The secular vocation


            Pope Paul VI developed the Council's theology of secularity in his Apostolic Exhortation on the Evangelization of the People of Our Time, (Evangelii nuntiandi), in 1975.


            The Holy Father wrote: "Lay people, whose particular vocation places them in the midst of the world and in charge of the most varied temporal tasks, must for this very reason exercise a very special form of evangelization. Their primary and immediate task is ... to put to use every Christian and evangelical possibility latent but already present and active in the affairs of the world. Their own field of evangelizing activity is the vast and complicated world of politics, society and economics, but also the world of culture, of the sciences and arts, of international life, of the mass media. It also includes other realities which are open to evangelization, such as love, the family, the education of children and adolescents, professional work, suffering" (EN 70).


            Although the SFO Rule of Paul VI in 1978 does not refer to the Exhortation, it follows it in Articles 14 to 19: build a more fraternal world; promote justice; esteem work as a gift; cultivate the Franciscan spirit in the family; respect all creatures; bring peace, joy and hope.

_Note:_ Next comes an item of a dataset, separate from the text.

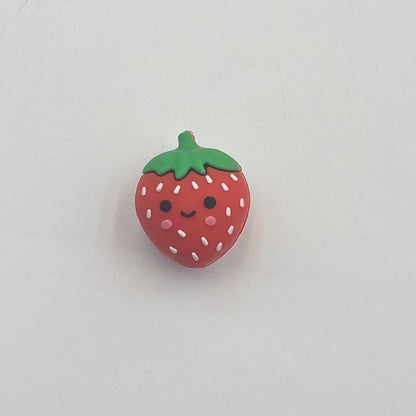 20Pcs Silicone 3D Focal Beads Strawberry With Leaf Top 6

            The SFO General Constitutions of 2000 stress that the Secular Franciscans should be first of all evangelized through: following their secular vocation; conversion; initial and ongoing formation; spiritual assistance (cf. Letter to the Assistants, 1992 n.2, p. 13-15). Then they should evangelize others in the family, at work, in secular society and in the church community, both in the SFO local Fraternity and outside the SFO (cf. Letter to the Assistants, 1992, n.1, p.11-12).